Capitol Acquisition Corp. II Announces Pricing of $180 Million Initial Public Offering


WASHINGTON, May 9, 2013 (GLOBE NEWSWIRE) -- Capitol Acquisition Corp. II (Nasdaq:CLACU), an acquisition vehicle formed by private equity and venture capitalist Mark D. Ein, announced today that it priced its initial public offering of 18,000,000 units. The units were sold at an offering price of $10.00 per unit raising gross proceeds of $180,000,000. The offering size was increased from 15,000,000 units to accommodate investor demand. The units are expected to begin trading on the NASDAQ on May 10, 2013 under the symbol "CLACU."

Capitol Acquisition Corp. II will seek to capitalize on the approximately 21 years of private equity and venture capital investing experience and significant contacts of its Chairman and Chief Executive Officer, Mark D. Ein, as well as the relationships and experience of its executive team and Board of Directors. This is Mark D. Ein's second publicly traded acquisition company and follows the highly successful business combination Capitol Acquisition Corp. I completed with Two Harbors Investment Corp., one of the leading residential mortgage REITs, in October 2009. L. Dyson Dryden joined Capitol Acquisition Corp. II as Chief Financial Officer from Citigroup where he held the position of Managing Director in the firms' Investment Banking division.

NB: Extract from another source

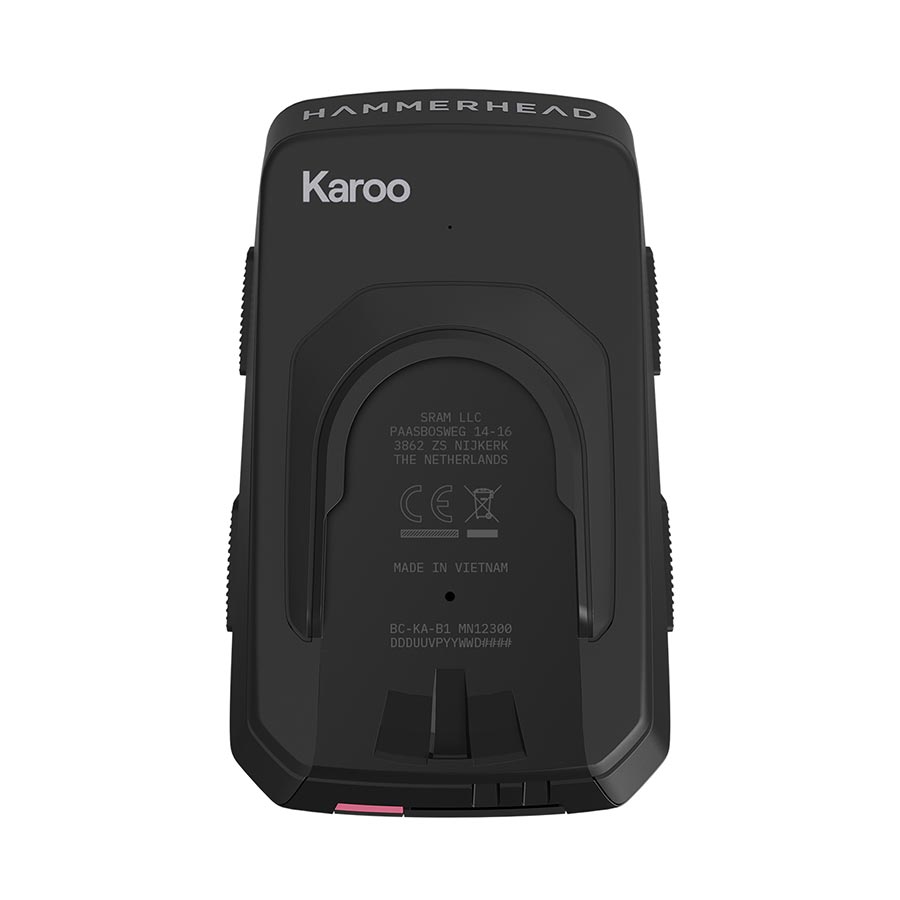 650512-01::3::650512-01::Hammerhead, Karoo B1, Cyclomètre, Cyclomètre seul., Noir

Capitol Acquisition Corp. II was formed to complete an acquisition using its cash, debt or securities, and there is no limitation on its ability to raise additional funds in connection with its acquisition. As a result, the Company may acquire a target whose enterprise value is a significant multiple of the amount of cash raised in this offering. No specific industry sector or acquisition target has yet been identified.

Each unit issued in the initial public offering consists of one share of the company's common stock and one half of one warrant to purchase one share of common stock at an exercise price of $11.50 per share. The underwriters have been granted a 30-day option to purchase up to an additional 2,700,000 units offered by the Company to cover over-allotments, if any.

Approximately $180,000,000 of the proceeds received from this offering will be deposited into a trust account at JP Morgan Chase, N.A. with Continental Stock Transfer & Trust Company acting as trustee. None of the funds held in trust will be released from the trust account until the earlier of (i) the completion of the initial business combination or (ii) the redemption of 100% of the public shares if the Company is unable to consummate a business combination within 21 months from the closing of this offering.

Citigroup Global Markets Inc. and Deutsche Bank Securities Inc. are acting as joint book-running managers.

A registration statement relating to these securities was declared effective by the Securities and Exchange Commission on May 9, 2013. This press release shall not constitute an offer to sell or a solicitation of an offer to buy, nor shall there be any sale of these securities in any state or jurisdiction in which such offer, solicitation or sale would be unlawful prior to registration or qualification under the securities laws of any such state or jurisdiction.

Forward Looking Statements

This press release includes forward-looking statements that involve risks and uncertainties. Forward looking statements are statements that are not historical facts. Such forward-looking statements, including the successful consummation of the Company's initial public offering, are subject to risks and uncertainties, which could cause actual results to differ from the forward looking statements. The Company expressly disclaims any obligations or undertaking to release publicly any updates or revisions to any forward-looking statements contained herein to reflect any change in the Company's expectations with respect thereto or any change in events, conditions or circumstances on which any statement is based.